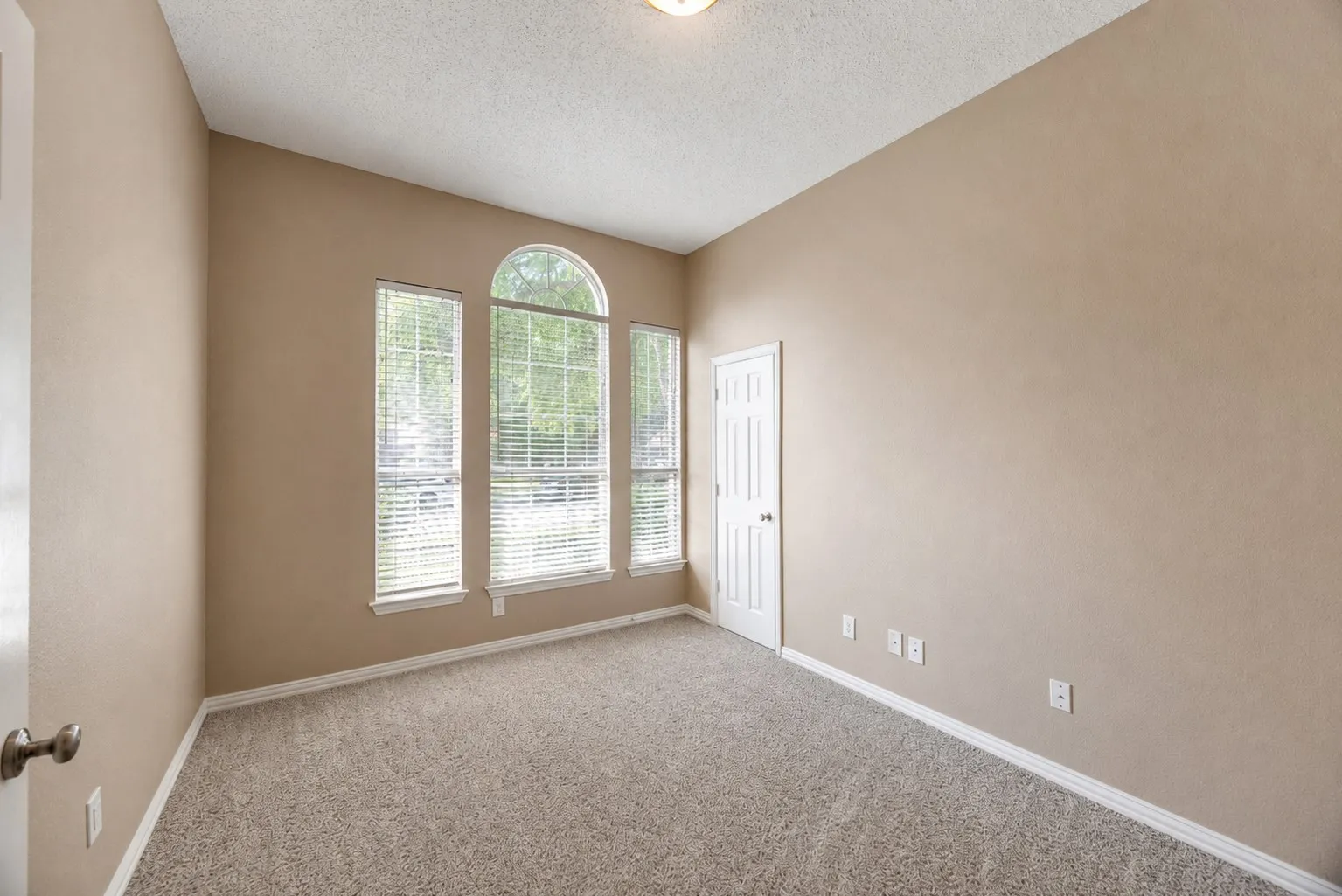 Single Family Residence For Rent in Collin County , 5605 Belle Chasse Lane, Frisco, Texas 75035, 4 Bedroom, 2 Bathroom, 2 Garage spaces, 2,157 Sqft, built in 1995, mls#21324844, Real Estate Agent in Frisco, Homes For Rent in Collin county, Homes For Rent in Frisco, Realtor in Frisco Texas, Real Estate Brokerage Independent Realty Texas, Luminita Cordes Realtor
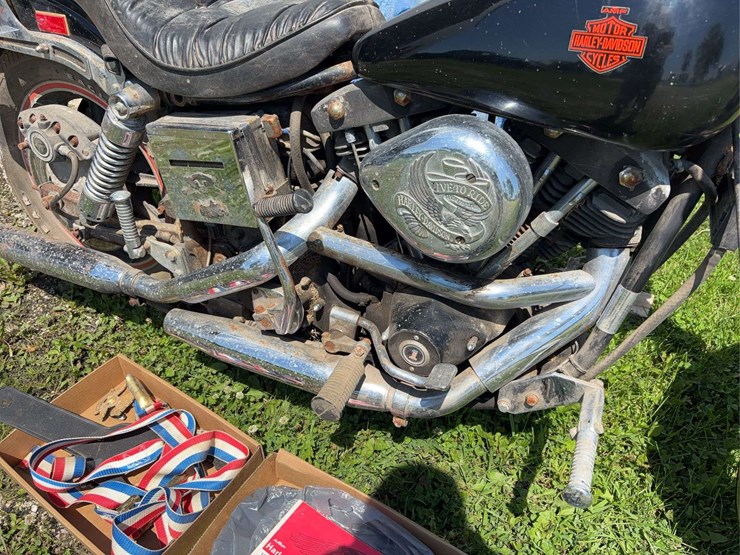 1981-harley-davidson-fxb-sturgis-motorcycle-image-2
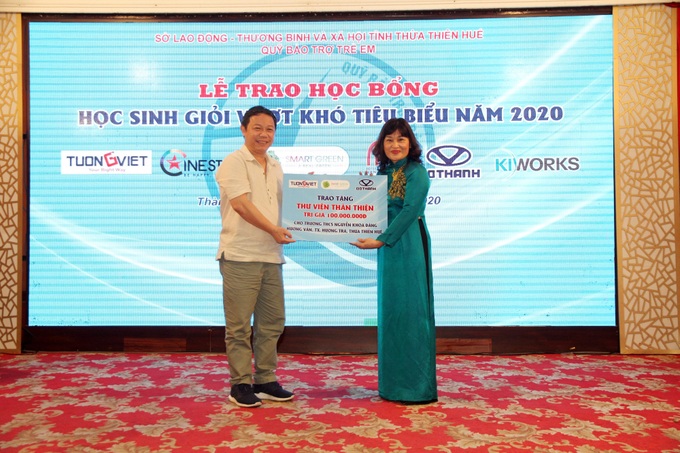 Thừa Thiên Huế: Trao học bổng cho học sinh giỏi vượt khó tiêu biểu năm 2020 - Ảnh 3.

——————————

Action item:
When you copy the lines above, drop the pictures and keep everything else exact.

Response below:
 Single Family Residence For Rent in Collin County , 5605 Belle Chasse Lane, Frisco, Texas 75035, 4 Bedroom, 2 Bathroom, 2 Garage spaces, 2,157 Sqft, built in 1995, mls#21324844, Real Estate Agent in Frisco, Homes For Rent in Collin county, Homes For Rent in Frisco, Realtor in Frisco Texas, Real Estate Brokerage Independent Realty Texas, Luminita Cordes Realtor
 1981-harley-davidson-fxb-sturgis-motorcycle-image-2
 Thừa Thiên Huế: Trao học bổng cho học sinh giỏi vượt khó tiêu biểu năm 2020 - Ảnh 3.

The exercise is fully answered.